_Exercise objective_
Every line in the listing below from the one with "Светодиодная лампа Volpe" through the one with "French Marquetry Gueridon" is to be reproduced exactly, both ends included; leave out the rest.

_Data for processing_
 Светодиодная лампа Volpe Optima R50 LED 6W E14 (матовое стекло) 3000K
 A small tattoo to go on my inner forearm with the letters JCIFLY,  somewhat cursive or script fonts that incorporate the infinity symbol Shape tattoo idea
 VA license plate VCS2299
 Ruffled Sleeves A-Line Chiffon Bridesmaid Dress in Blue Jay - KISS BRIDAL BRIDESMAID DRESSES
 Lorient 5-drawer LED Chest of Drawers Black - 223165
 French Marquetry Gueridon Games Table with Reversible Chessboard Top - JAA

* * *

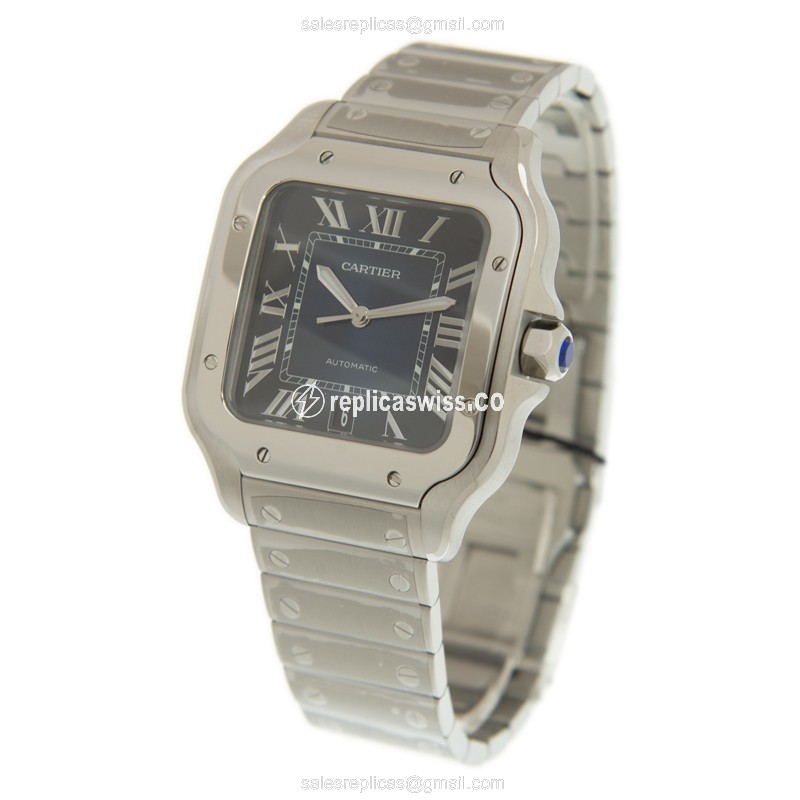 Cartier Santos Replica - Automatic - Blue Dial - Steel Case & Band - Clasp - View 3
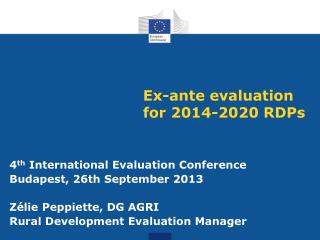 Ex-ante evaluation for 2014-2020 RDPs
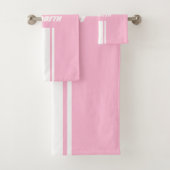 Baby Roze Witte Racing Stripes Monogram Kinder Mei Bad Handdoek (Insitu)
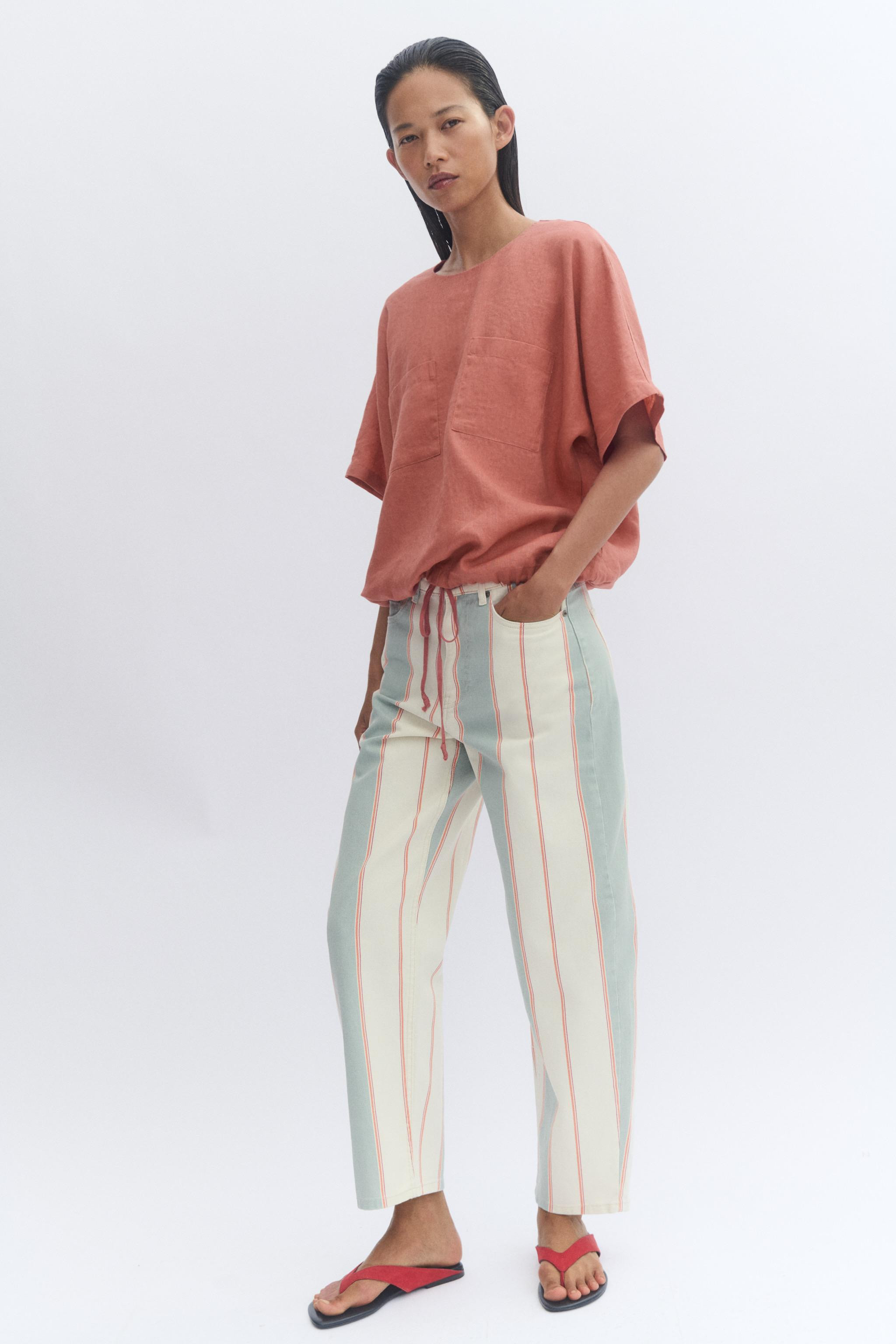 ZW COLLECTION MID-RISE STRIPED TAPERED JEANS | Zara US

_Result of this exercise_
 Светодиодная лампа Volpe Optima R50 LED 6W E14 (матовое стекло) 3000K
 A small tattoo to go on my inner forearm with the letters JCIFLY,  somewhat cursive or script fonts that incorporate the infinity symbol Shape tattoo idea
 VA license plate VCS2299
 Ruffled Sleeves A-Line Chiffon Bridesmaid Dress in Blue Jay - KISS BRIDAL BRIDESMAID DRESSES
 Lorient 5-drawer LED Chest of Drawers Black - 223165
 French Marquetry Gueridon Games Table with Reversible Chessboard Top - JAA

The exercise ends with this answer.